Exercise details.
Could the listing below be reproduced exactly, minus its pictures?

Data shown.
+++++
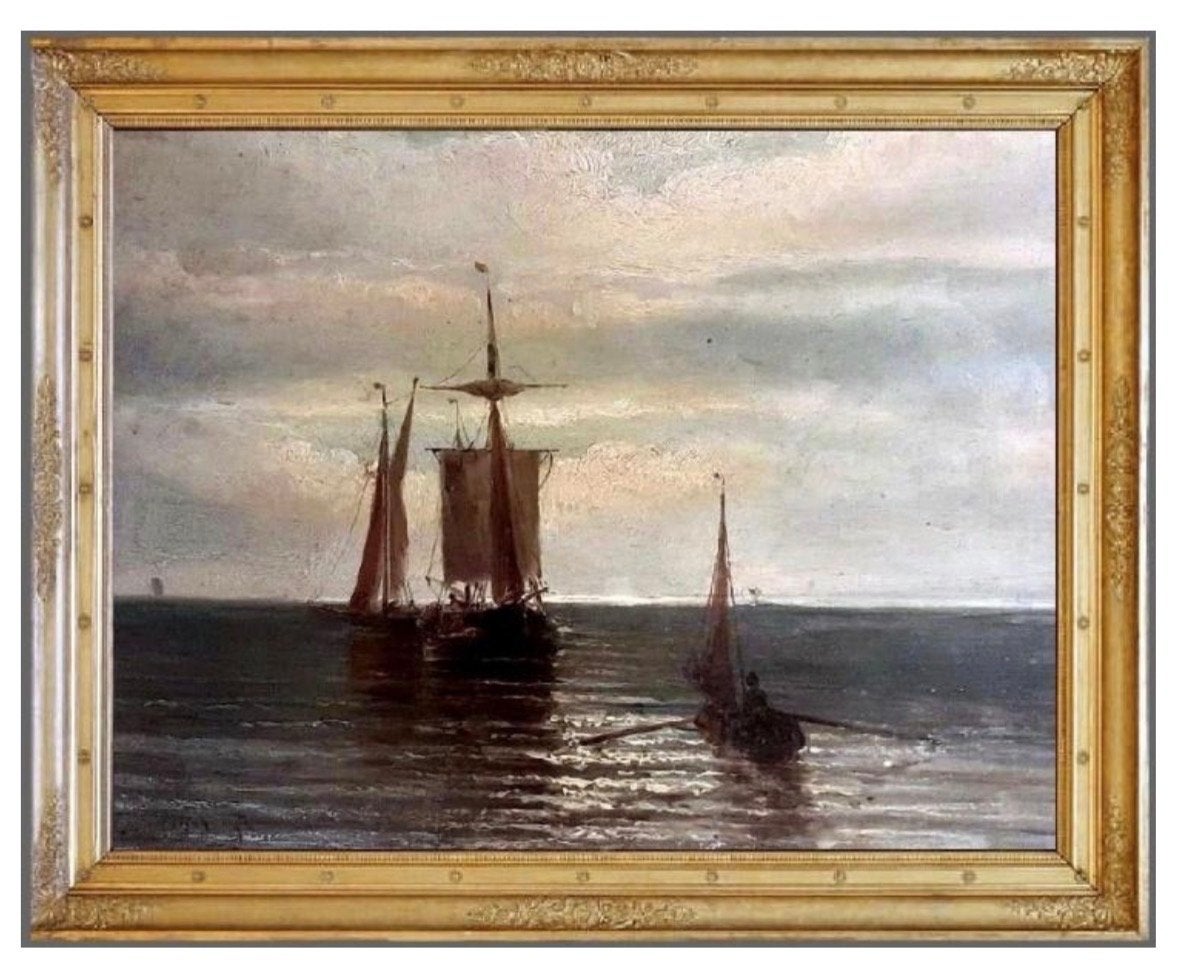 Antiek Schilderij Louis Meijer (1809-1866) Maritiem Zeezicht, Nederlandse school, Ophalen of Verzenden, Gesigneerd, Olieverf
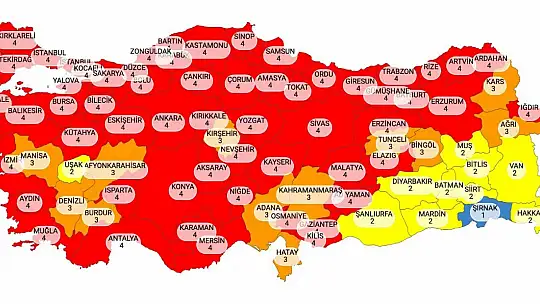 Yeni risk haritası yayımlandı!
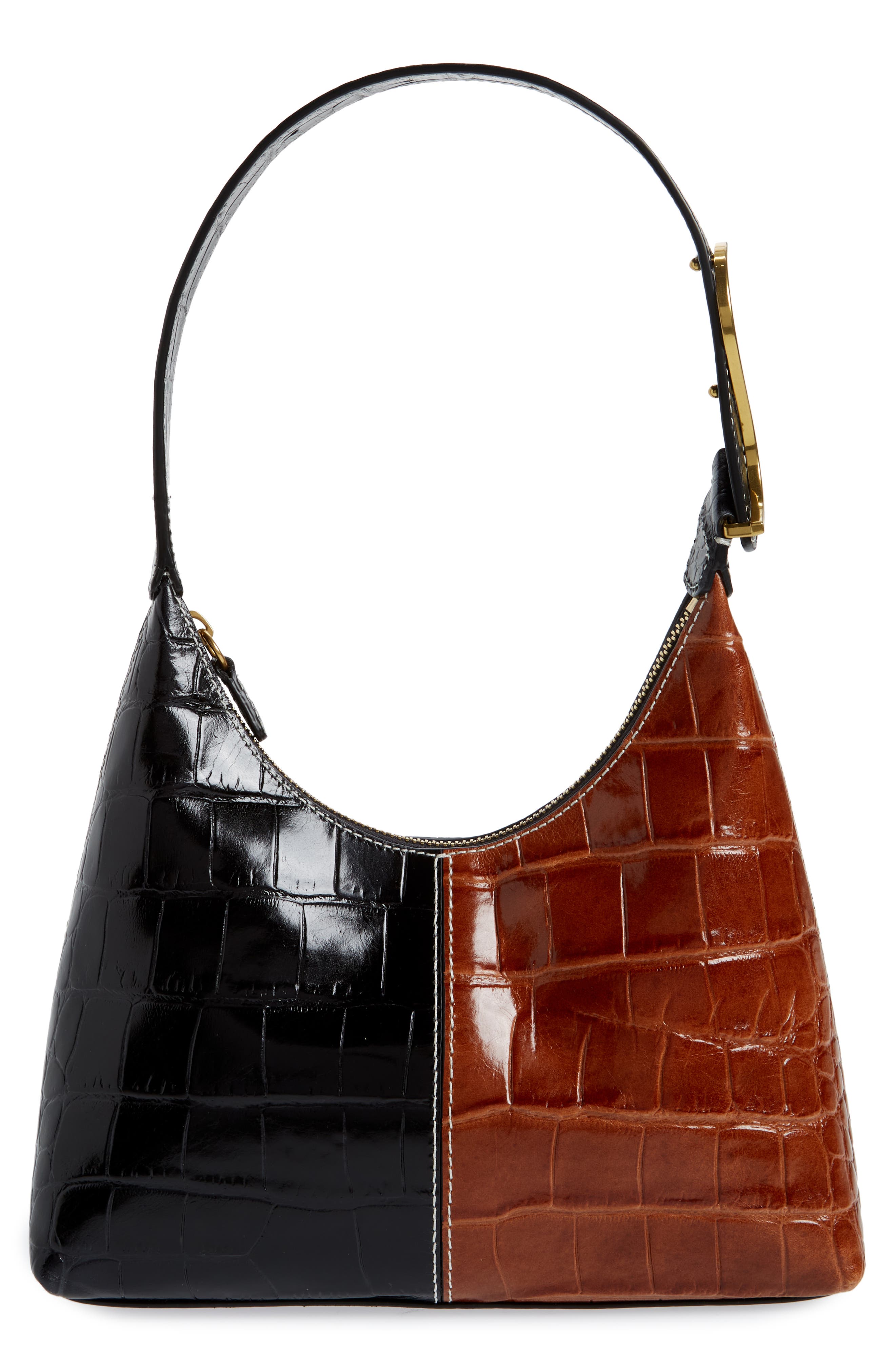 STAUD Scotty Croc Embossed Leather Top Handle Bag, Main, color, 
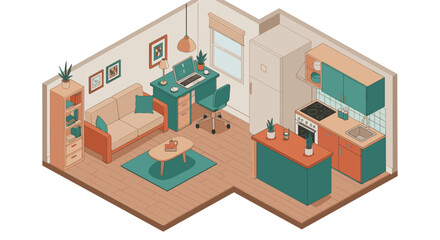 Cozy apartment interior vector illustration for isometric home design and decor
+++++
Solution.
 Antiek Schilderij Louis Meijer (1809-1866) Maritiem Zeezicht, Nederlandse school, Ophalen of Verzenden, Gesigneerd, Olieverf
 Yeni risk haritası yayımlandı!
 STAUD Scotty Croc Embossed Leather Top Handle Bag, Main, color, 
 Cozy apartment interior vector illustration for isometric home design and decor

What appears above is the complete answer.